Question

Find the angle between the curves:
${{x}^{2}}+{{y}^{2}}-4x-1=0$
${{x}^{2}}+{{y}^{2}}-2y-9=0$

Answer 1

Hint: If we observe, the equations given in the question are the equations of the circle and we know that for a circle ${{x}^{2}}+{{y}^{2}}+2gx+2fy+c=0$ , the radius is given by $\sqrt{{{g}^{2}}+{{f}^{2}}-c}$ , and centre C=(-g,-f). So, we know the centres and radius of each circle, so we can find the distance between the centres using the distance formula. Once we get the distance use the formula $\cos \theta =\dfrac{{{r}_{1}}^{2}+{{r}_{2}}^{2}-{{d}^{2}}}{2{{r}_{1}}{{r}_{2}}}$ , where $\theta $ is the angle between the circles and d is the distance between the centres.

Complete step-by-step answer:
If we observe, the equations given in the question are the equations of the circle because the coefficient of xy is zero and coefficient of ${{x}^{2}}$ and ${{y}^{2}}$ are same.
We know that for a circle ${{x}^{2}}+{{y}^{2}}+2gx+2fy+c=0$ , the radius is given by $\sqrt{{{g}^{2}}+{{f}^{2}}-c}$ , and centre C=(-g,-f). So, for the circle ${{x}^{2}}+{{y}^{2}}-4x-1=0$ , the centre is (2,0) and radius is $\sqrt{{{2}^{2}}-\left( -1 \right)}=\sqrt{5}$ .
Also, for the circle ${{x}^{2}}+{{y}^{2}}-2y-9=0$ , centre is (0,1) and radius is $\sqrt{{{1}^{2}}-\left( -9 \right)}=\sqrt{10}$ . So, let us draw a representative diagram of the situation given.

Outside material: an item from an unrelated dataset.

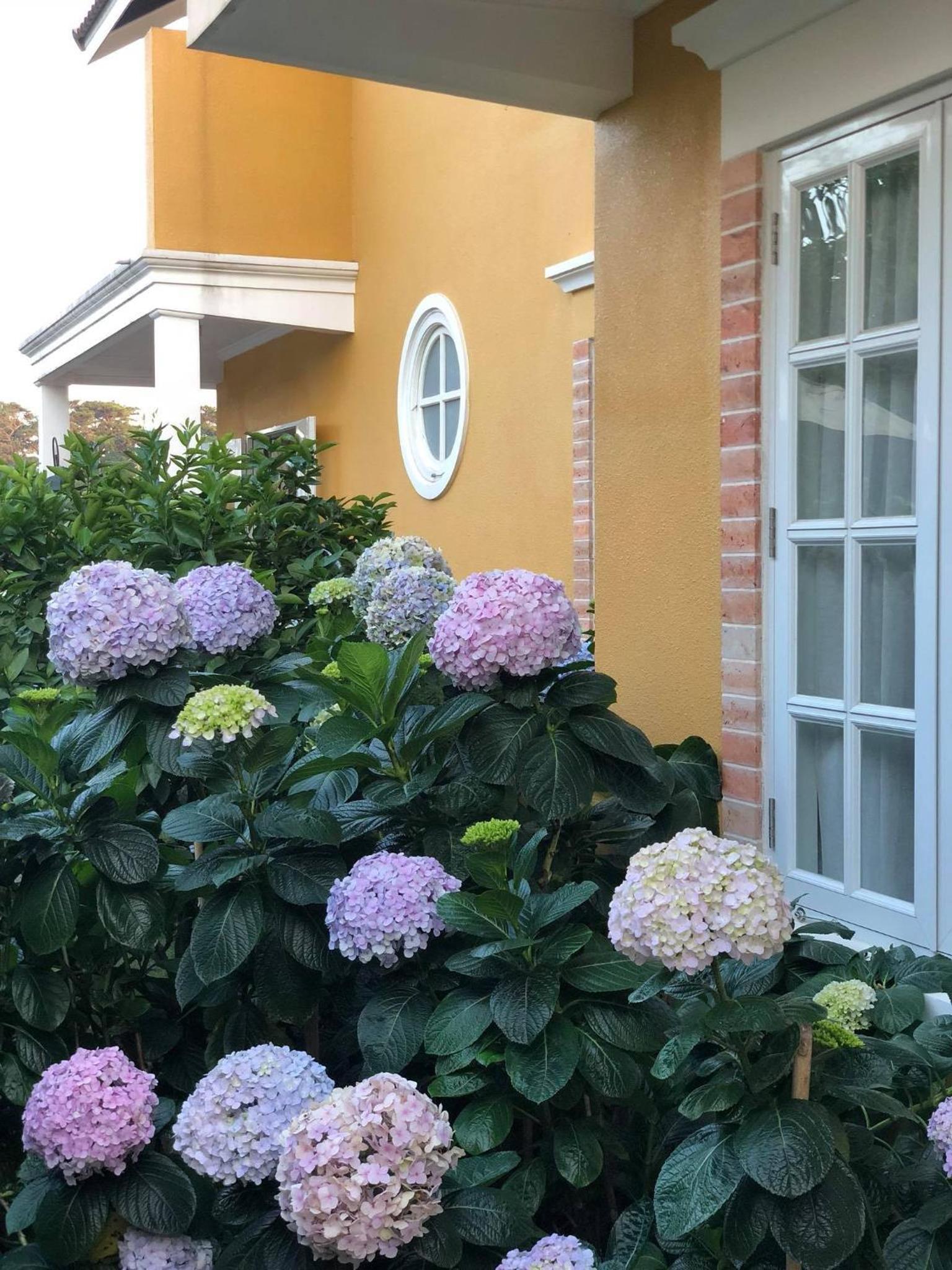 BICH DAO Boutique - Dalat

Distance between ${{C}_{1}}\text{ }and\text{ }{{C}_{2}}$ can be found using the distance formula.
Now, according to the distance formula, the distance between two points $\left( {{x}_{1}},{{y}_{1}} \right)\text{ and }\left( {{x}_{2}},{{y}_{2}} \right)$ is given by $\sqrt{{{\left( {{x}_{2}}-{{x}_{1}} \right)}^{2}}+{{\left( {{y}_{2}}-{{y}_{1}} \right)}^{2}}}$ .
$\therefore {{C}_{1}}{{C}_{2}}=\sqrt{{{(2-0)}^{2}}+{{(0-1)}^{2}}}=\sqrt{5}$
Now, we know that the distance use the formula $\cos \theta =\dfrac{{{r}_{1}}^{2}+{{r}_{2}}^{2}-{{d}^{2}}}{2{{r}_{1}}{{r}_{2}}}$ , where $\theta $ is the angle between the circles and d is the distance between the centres.
$\cos \theta =\dfrac{{{\left( \sqrt{5} \right)}^{2}}+{{\left( \sqrt{10} \right)}^{2}}-{{\left( \sqrt{5} \right)}^{2}}}{2\sqrt{5}\times \sqrt{10}}=\dfrac{10}{2\times 5\sqrt{2}}=\dfrac{1}{\sqrt{2}}$
Now we know that $\cos 45{}^\circ =\dfrac{1}{\sqrt{2}}$ . So, we can say that the angle between the two circles is $45{}^\circ $ .

Note:If you would not have recognised that the curves are circles then you first have to find the meet point of the curves, then the tangents of both the curves at the meet point and then the angle between the tangents using the formula $\tan \theta =\left| \dfrac{{{m}_{1}}-{{m}_{2}}}{1+{{m}_{1}}{{m}_{2}}} \right|$ , i.e., the angle between lines. This method is valid for any curve, no matter whether they are standard curves or not.